Enter Sandbox part 21: Intercepting Buffers #2, Abusing the freedom of buffers, after their release

In my last post I mentioned the magic word ‘buffer’. If you follow the series, you now know that the strings are great buffers to look at, and… that ‘there is more’.

There is indeed.

If Steve Ballmer was at some time a CEO of a sandbox company I bet his famous Developers video would be now known as Buffers.

Apart from monitoring string functions, the most successful results in my dynamic malware analysis came from monitoring of selected memory-oriented functions. And no, no, not these that allocate the memory only, but these that actually release the previously allocated memory blocks, or these that change their security rights.

You see, most of the malware using in-memory payloads or encrypted configs follows a very well established pattern:

  • allocate memory
  • unpack/decompress payload/config to it
  • use some runPE module to resolve the imported APIs (if code)
  • transfer execution to the new entry point (if code)
  • in some cases temporary buffers are used, and they are often freed after use

This pattern is highly prevalent.

This pattern almost begs for us to start monitoring the VirtualFree and VirtualProtect functions.

Why?

At the time VirtualAlloc returns, the block will be allocated, but there is nothing in it. At the time the VirtualProtect or VirtualFree APIs are called, the actual juicy code/data is already there. Most of the time.

As a side note: obviously, you can, and should expand the described monitoring coverage to NT functions as well (NtFreeVirtualMemory, etc.).

You may not believe it, but before malware authors become malware programmers, they were just… well… programmers. And I don’t know any C programmer who wouldn’t be taught these two fundamental principles of memory management during their C training courses:

  • if you allocate some memory, you must free it when no longer needed
  • if you change permissions, there must be a reason for it i.e. the memory block is already filled-in with something

The second one I actually made up, but it not only fits my narrative – it is actually aligned with the way most of malware is written. Allocate a buffer. Copy stuff to it. Change Permissions. Execute it/Interpret it/Use it (e.g. decrypted config). Or, move it somewhere else.

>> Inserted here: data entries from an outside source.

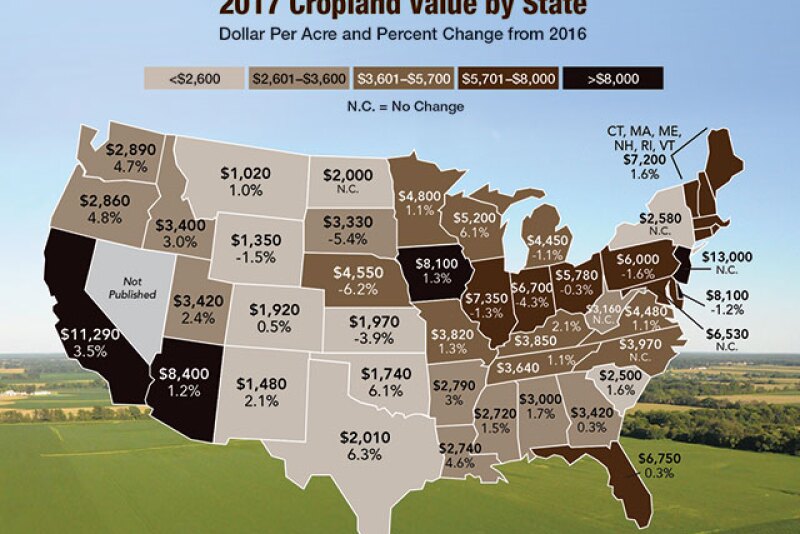 Farmland values stabilized or increased slightly in the second quarter for states such as Iowa and Wisconsin, according to Federal Reserve banks. Values softened in states such as Illinois, Indiana, Ohio and Pennsylvania.
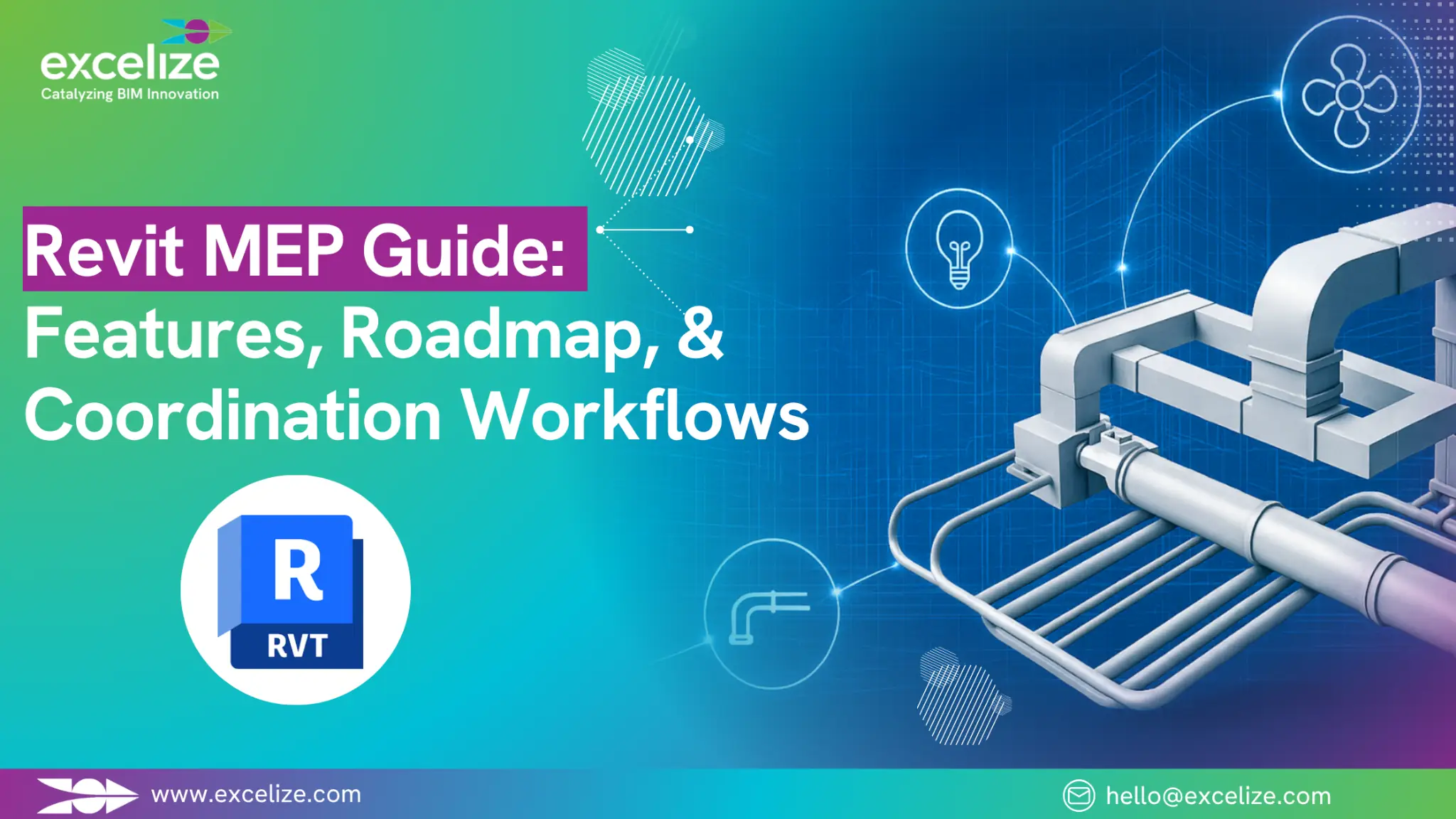 Revit MEP Guide: Features, Roadmap, & Coordination Workflows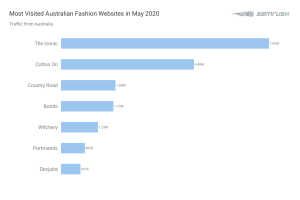Portmans, Country Road, Cotton On: the data is in for 2020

In my experience there are not that many malware programmers who can disengage from these two code patterns. Obviously, it only applies to old-school programming languages where it actually matters how you utilize memory. And nicely written shellcodes.

Okay. So… the moment the buffers are freed, or their permissions are changed, we can jump on it, dump it, and harvest the juicy code/data.

There are even more good news.

In case the malware author doesn’t free buffers, doesn’t change permission there is a hope. At the time the memory is allocated, you can set up an event that will trigger the monitor to dump the memory of the allocated buffer.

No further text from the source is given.